My son is 14 years old.
Back when I was 14, if someone had told me General Motors would go bankrupt and the Flint Journal would cease daily publication, I'd have thought them either stupid or mad or most likely both.
Yet yesterday, GM filed for bankruptcy and the Flint Journal scaled back to a thrice-weekly print schedule.
When I was 14, GM was both omnipotent and omnipresent. Factories were pumping out trucks and cars 24 hours a day. Thousands upon thousands of people were employed there and this area relied on those salaries (and tax revenues) both directly and indirectly.
And throughout that time the Flint Journal was the ubiquitous chronicler of this area's happenings. It's what we read. It's what our parents read. And their parents. And probably their parents. I remember seeing family pictures taken decades before I was born. More often than not, there would be a copy of the Flint Journal on a table in the background.
And now both GM and the Journal face an uncertain future.
That's why I can't help but wonder what the world will be like when my son reaches his mid- 40's. What paragons of stability of his teenage years will cease to exist? What will Flint be like then? Or Michigan?

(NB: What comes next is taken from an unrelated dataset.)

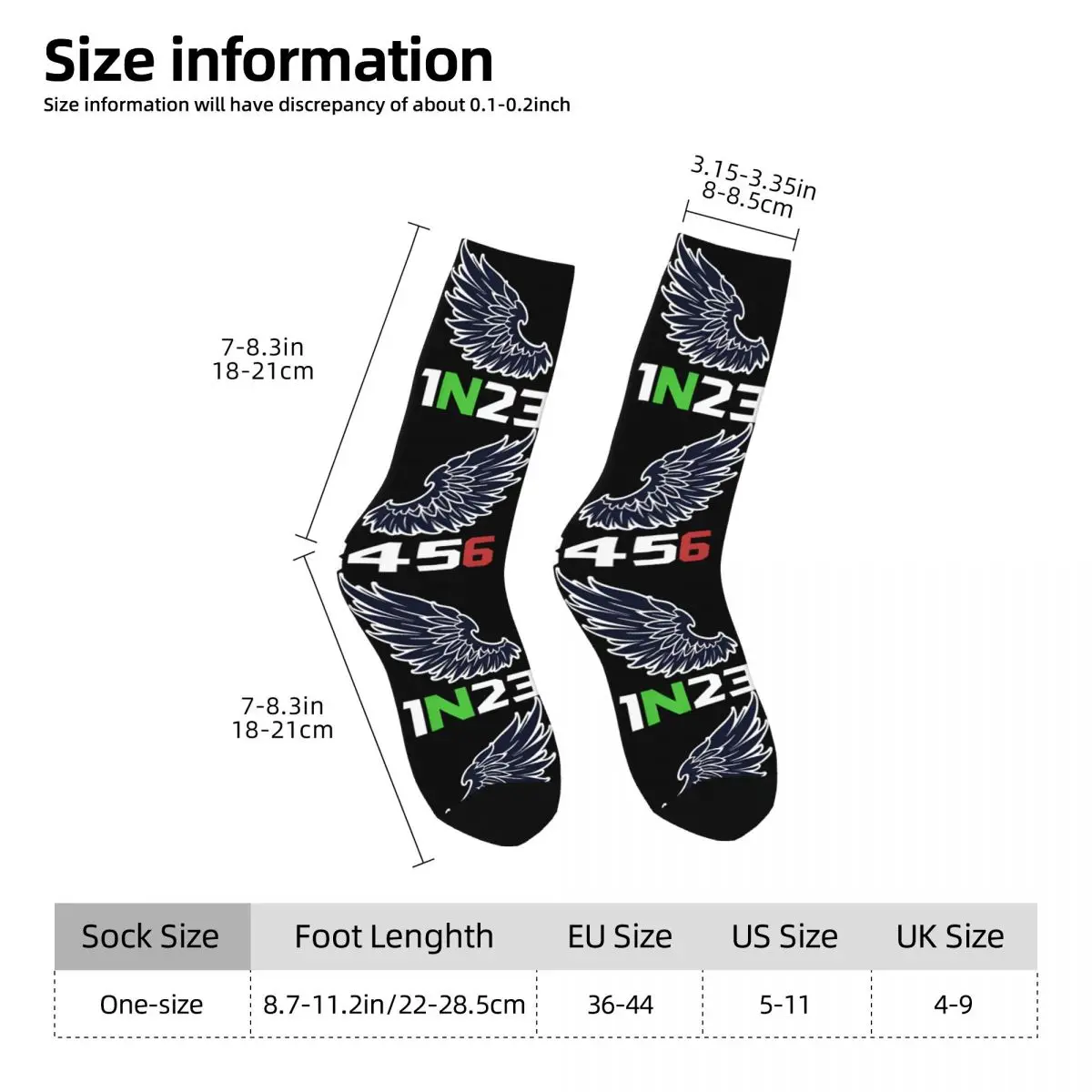 Vintage 1N23456 Angel Men's compression Socks Unisex Two Sides 1n23456 Harajuku Seamless Printed Novelty Crew Sock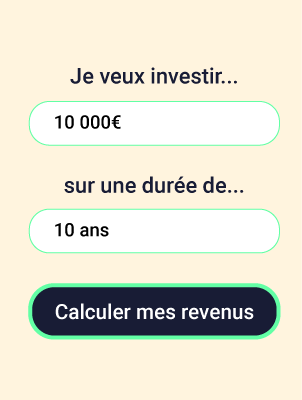 Image du simulateur SCPI pour déterminer une allocation d’investissement pour 10 000€ sur 10 ans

As things stand right now, it's difficult to optimistic about the future. But an objective study of history leads me to the conclusion that things eventually get better. It's certainly not a quick process and sometimes for every five steps forward there are four steps back, but over the long haul, things do improve. Maybe it will take decades. Maybe generations. But despite my glum exterior and short-term pessimism, I am, paradoxically, a long-term optimist. I am as certain as I am about anything that someday the future will be better. Different, to be sure, but better.
The road thereto will likely be strewn with potholes and puddles.
But we'll get there.
Battered and weary from the hard journey, perhaps, but we'll get there.